Nooooo!!!!!!!!!!!!!!!!!!!!


----------



## dan_bo (17 Sep 2012)

Looks the porcupines' pods that Cubes. Very nice.


----------



## KernowLad (6 Oct 2012)

What a cracking build thread! Apologies, I'm new, I've just bought a Soul, I was over excited, did some Googling, found this thread and loved it. I've just binned (well hopefully sold) a very XC only Stumpjumper HT frame and got myself a Soul (with black forks - booo!). Only done a couple of short rides (proper one tomorrow) but impressions so far are very good. Sadly I'm a spanner with a spanner so got a properly trained mechanic mate to build mine! Here she is:


----------



## KernowLad (7 Oct 2012)

Well first decent ride done - very hilly, big rocks, roots, a few big DHs (I'm a bit of a DH wuss) and I'm in love! Should have got one years ago! That back end is SO much more planted and feels almost like it has a bit of rear suspension, it climbs very well, it's nimble, etc, etc. Brilliant. To the OP - I really like your red details. Looks great!


----------



## Cubist (7 Oct 2012)

KernowLad said:


> Well first decent ride done - very hilly, big rocks, roots, a few big DHs (I'm a bit of a DH wuss) and I'm in love! Should have got one years ago! That back end is SO much more planted and feels almost like it has a bit of rear suspension, it climbs very well, it's nimble, etc, etc. Brilliant. To the OP - I really like your red details. Looks great!

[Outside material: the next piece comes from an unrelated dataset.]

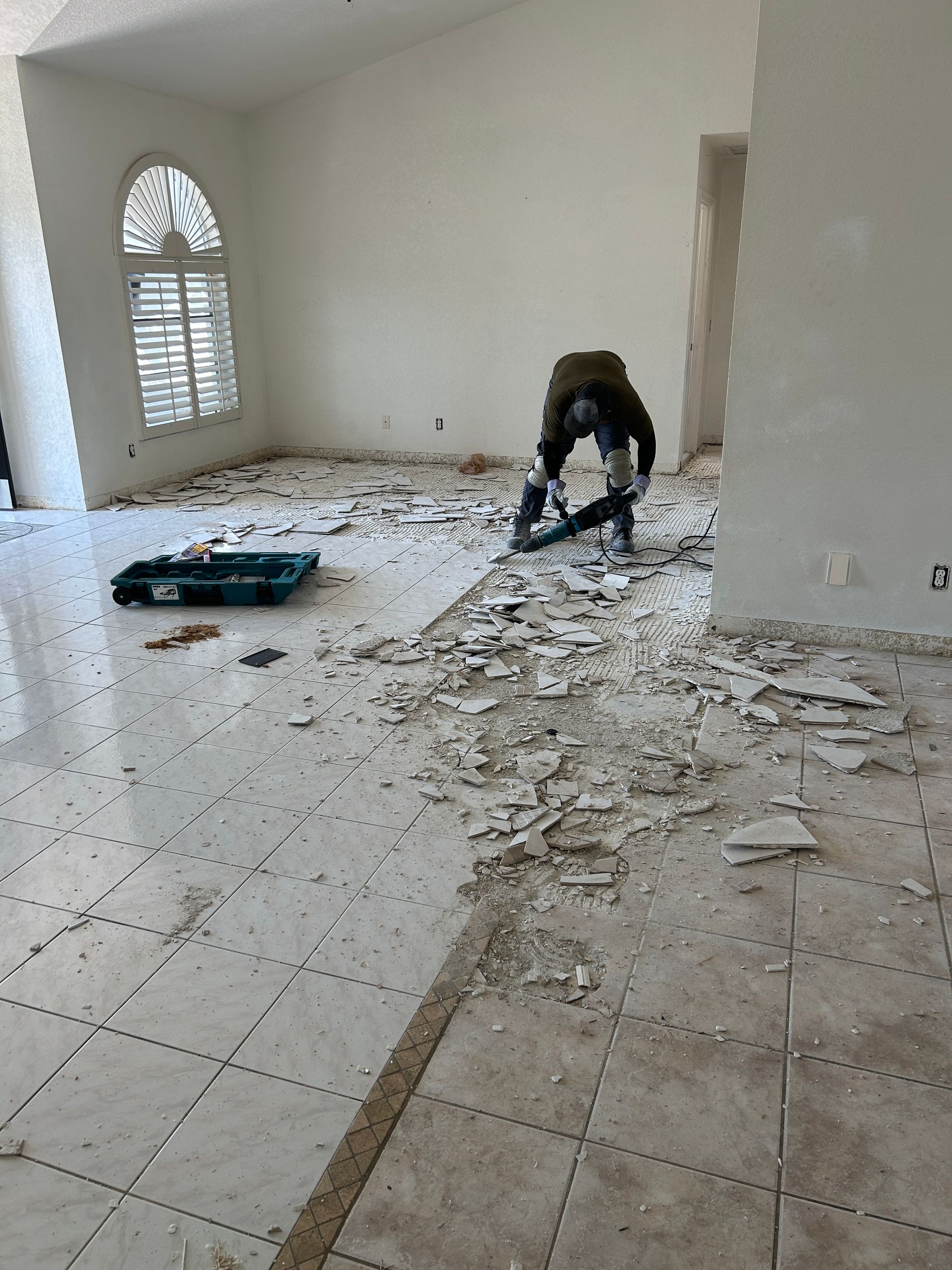 A man is working on a tile floor in an empty room.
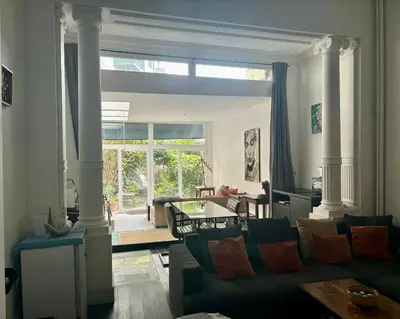 a living room with a couch and a table at Art Apartment in Brussels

Aren't they just awesome? It feels every bit as good as my 140 full susser over a lot of terrain. Mine's now 2x9 rather than a trip[le, and has SLX brakes .... nothing like a bit of fetling....!

Welcome by the way, I take it from your username that you're down the South West?


----------



## KernowLad (7 Oct 2012)

Yep - Cornwall. Currently West (nr Truro) but moving back to the beach in Polzeath in a few weeks. Mine is a bit of a ponsy spec as I was a weight slave for a while - hope hoops (717s on Hope Pro 2s), XO brakes, rear mech and shifters, 991/990 chain/cassette, XT crank/TA Chinook rings, SID 100mm forks (planning to convert to 120mm if they are the right model year!), Thomson seat post and stem, Phenom SL saddle, CK BB, Hope headset, Easton EC90 riser bars, blah blah boring, bike nerd geek, etc. It feels pretty light but unlike the last bike, it's WAY more fun!! I was seriously considering FS but didn't want to maintenance and was too tight to buy a new fork. Really glad I went for the Soul! Sorry, a rather wordy reply...


----------



## Cubist (8 Oct 2012)

Final version!!!!?????
Now 2x9 as promised, with E thirteen Bash, 36t and 22t with an 11-32 cassette. It has a Deda Dog Fang to stop the chain shipping inwards (thanks @colinj ), and the front mech is a SLX double specific, which means it can be set to miss the bash by a mm or so to help chain retention.





Chain tensioner is a rear reflector bracket and a bit of garden hose, working like a Bionicon, but costing £35 less!! Looks shite, but hey ho.





I sold the Deore brakes and bought a pair of XT for the Canyon, so the Cotic can have the Canyon's SLX. Thanks Rose bikes, what a bargain. 






Stem was too long so I got a Ragley Stubbing for £23 at CRC. Bombproof. Red.





Finally, I've got the shim for the Thompson Elite seatpost I had and so now have no layback.




Needs a test ride in new form. I've also considered slamming the stem, but will wait and see


----------



## ColinJ (8 Oct 2012)

Cubist said:


> It has a Deda Dog Fang to stop the chain shipping inwards (thanks @colinj )


Yay - another Dog Fang sale!  (I only get a few pence commission, unless someone decides to buy a bike or something else expensive at the same time.)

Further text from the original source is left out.